Make your first stop the historic Willmore Lodge to get acquainted with the area. When it was completed in 1930, this huge log structure served as the administrative and entertainment center for Union Electric. Consisting of 29 rooms, it included five guest rooms named after towns relocated or flooded as the Lake of the Ozarks filled.
Today the Lake Area Chamber of Commerce operates a visitors center and museum out of the old lodge. Come on in for brochures about area attractions and facilities, and take time to tour the exhibits about the area’s pre-lake history, the construction of Bagnell Dam, and the lake’s development through the years.
Make your next stop the nearby AmerenUE scenic overlook, for a bird’s-eye view of Bagnell Dam. Take time to read the interesting signboards in this area. You’ll learn the dam is the largest and last major dam in the United States to be built using private capital. Its size is comparable to a building 12 stories high and seven blocks long. Construction cost an initial $30 million, and another $40 million was spent later to modernize the plant’s control facilities, to add generators, and more.
During the Depression, the Great Osage River Project was the biggest private construction project in the United States, and out-of-work men and their families flocked by the thousands to the area. Today this hydroelectric plant’s eight generators meet the electricity needs of 45,000 average households, and each year save the United States 1 million barrels of oil (or 334,000 tons of coal).
You’ll also learn about the lake. With more than 1,150 miles of shoreline “” longer than the Pacific coast of California “” Lake of the Ozarks is one of the world’s largest man-made lakes. It impounds more than 600 billion gallons of water.
When it’s time to get out on the lake, you’ll be able to, whether you tow a boat or not. Marinas and most resorts rent a variety of watercraft to meet every need, including those who wish to water-ski or go parasailing. Perhaps you’d like to use a houseboat for a few days, or simply cast a line for the afternoon. You will find an opportunity.
Boating is the most popular activity at the lake. On summer weekends, approximately 50,000 watercraft ply the lake, with the number climbing to 60,000 during holiday weekends. Approximately 450 regattas, fishing tournaments, parades, races, boat shows, and other water recreation events occur annually.
The Lake of the Ozarks is recognized by many tournament pros as one of the best year-round fishing spots in the United States. Anglers have excellent luck with largemouth bass, crappie, white bass, stripers, catfish, and others.
Another option is to take a cruise.

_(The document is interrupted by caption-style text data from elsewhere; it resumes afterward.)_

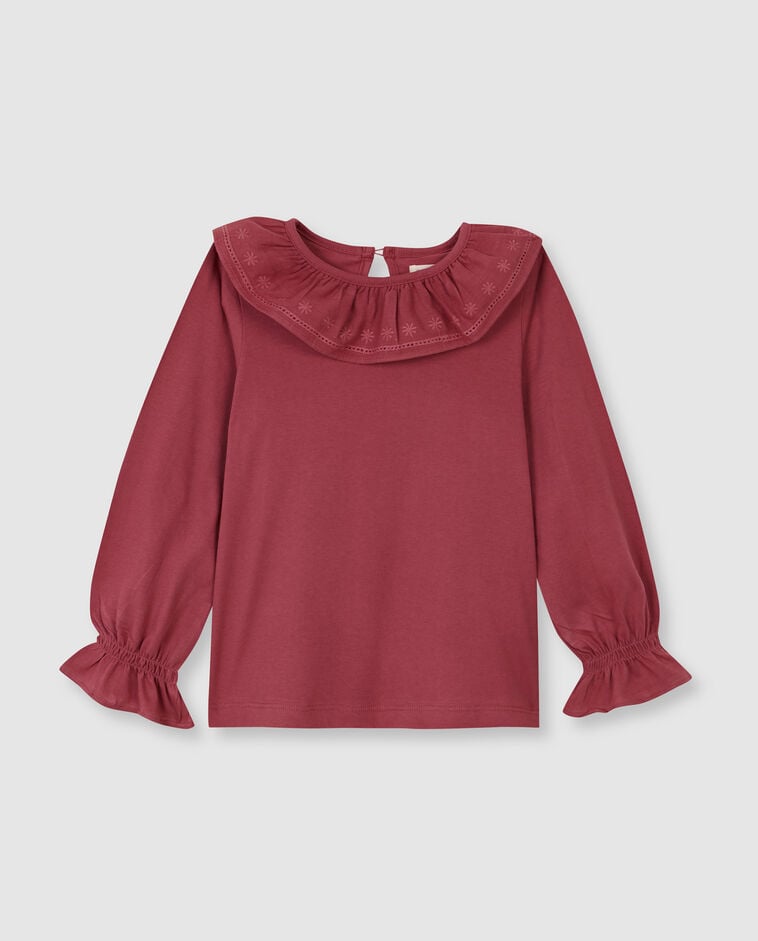 T-shirt rose avec col &agrave; volants fille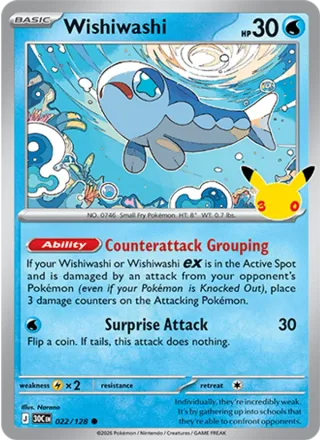 Wishiwashi #022 · 30th Celebration Pokémon card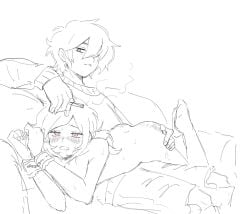 1boy 1girls 2d andrew_graves ashley_graves ass blush brother_and_sister cuffs female femsub green_eyes hand_on_ass incest lying_on_lap lying_on_person male maledom nude over_the_knee over_the_knee_spanking pink_eyes ponytail restrained siblings smoking smoking_cigarette straight the_coffin_of_andy_and_leyley zieisuisyoo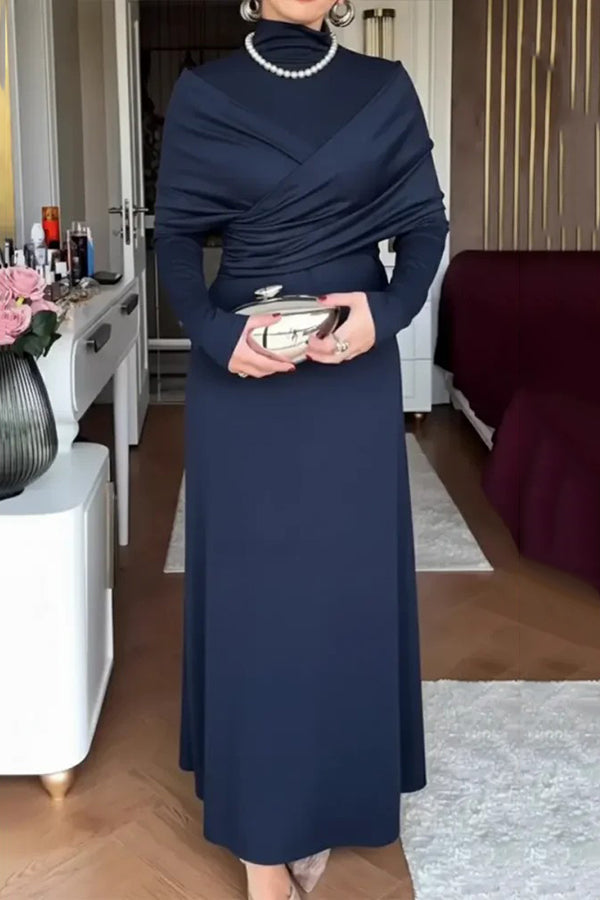 Solid Color High-neck Long-sleeved Crossover Waist Slim-fit Maxi Dress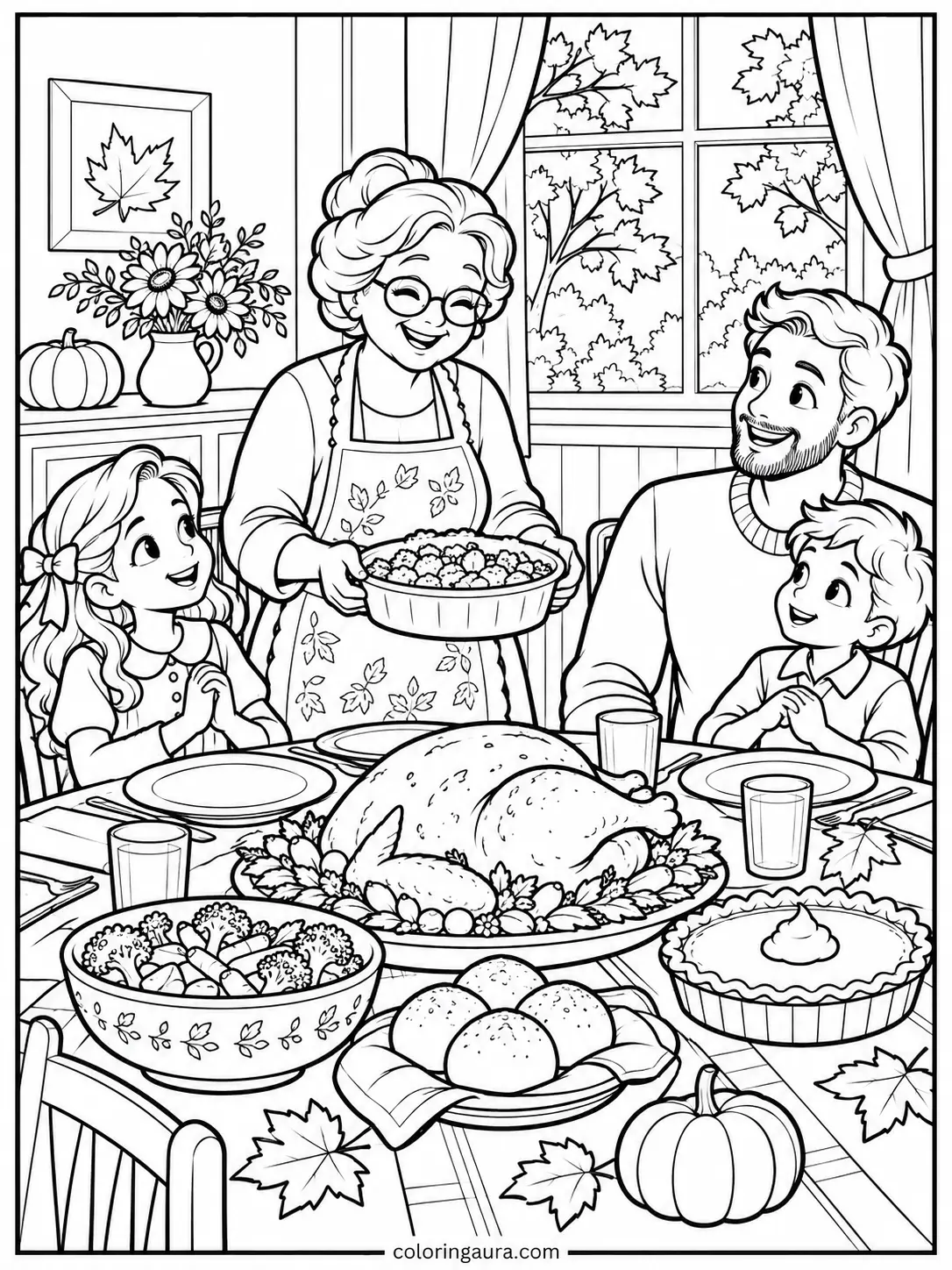 Grandma Serving Thanksgiving Dinner Coloring Page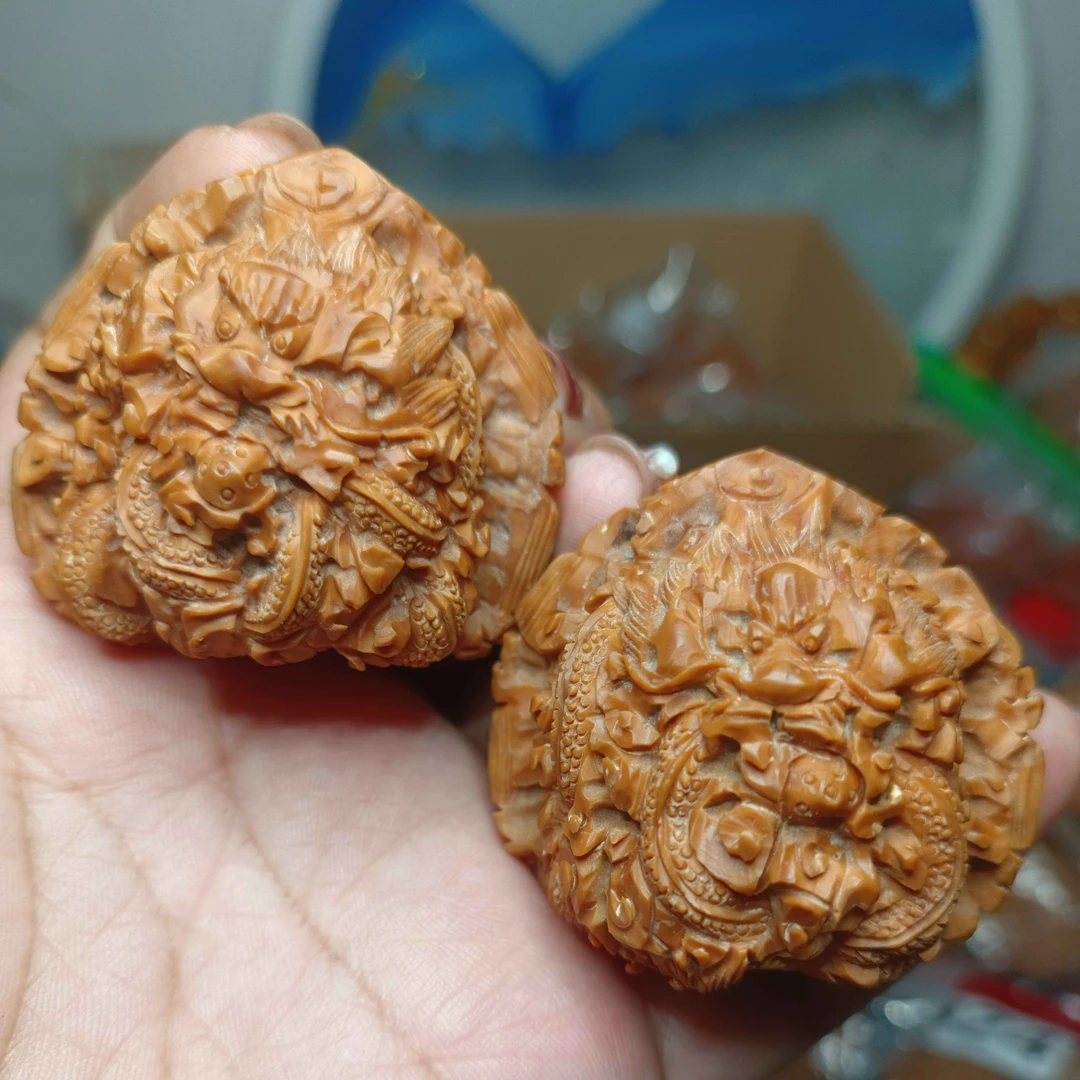 088号实拍大尺寸手工精品龙凤呈祥官帽大核桃天然雕刻成功男必备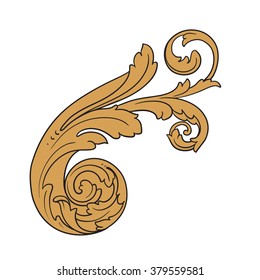 Vintage baroque frame scroll ornament engraving border floral retro pattern antique style acanthus foliage swirl decorative design element filigree calligraphy vector | damask - stock vector
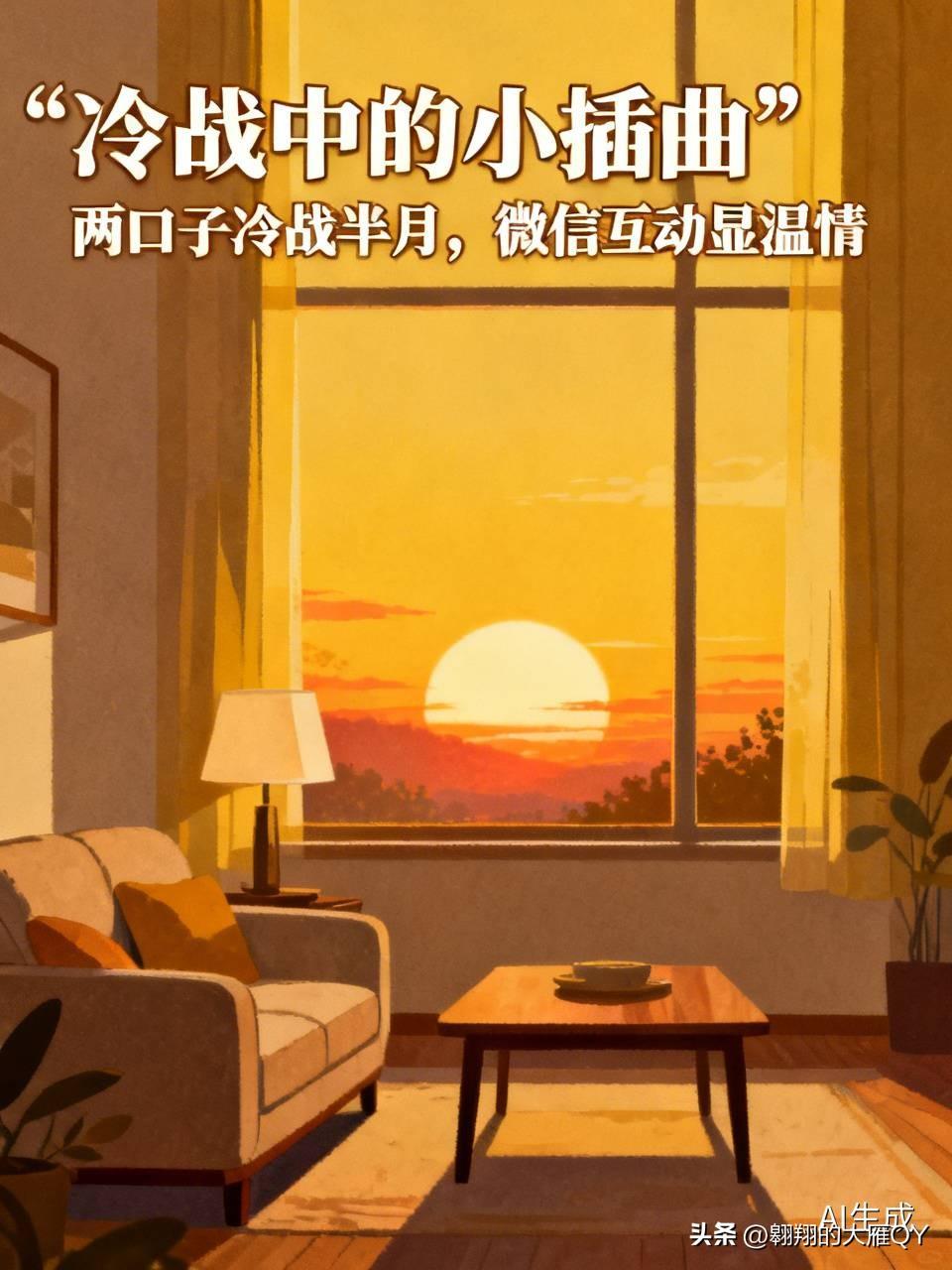 这小两口可太有意思了。
他俩在家冷战了大半个月，谁都不肯先低头服软。
有天晚上媳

Tropic Island Cruises’ 75-foot, 150-passenger, two-level yacht departs from the Lodge of Four Seasons at 3:00 p.m. Tuesday through Sunday from April 1 to October 30. The 90-minute fully narrated cruise passes by homes and condominiums ranging in value from $40,000 to $7 million. You’ll pass by the home of retired NASCAR driver Rusty Wallace, and the Anheuser Busch Conference Center. For more information about the cruises, call (573) 348-0083.
Lunch or dinner cruises are offered by Celebration Cruises, but since they don’t run cruises every day, it’s best to check the schedule by calling (573) 480-3212.
The lake area is home to three of the state’s popular show caves “” wild caves that have been “tamed” with the addition of walkways and lighting “” located within 30 minutes of one another. Each is different, but they all maintain a steady year-round temperature of approximately 60 degrees Fahrenheit.
Bridal Cave, accessible by land or water, is open year-round. Hour-long guided tours take place on demand. The cave derives its name from the legendary Indian wedding ceremony held in the cave in the early 1800s. It now hosts 40 to 50 weddings a year.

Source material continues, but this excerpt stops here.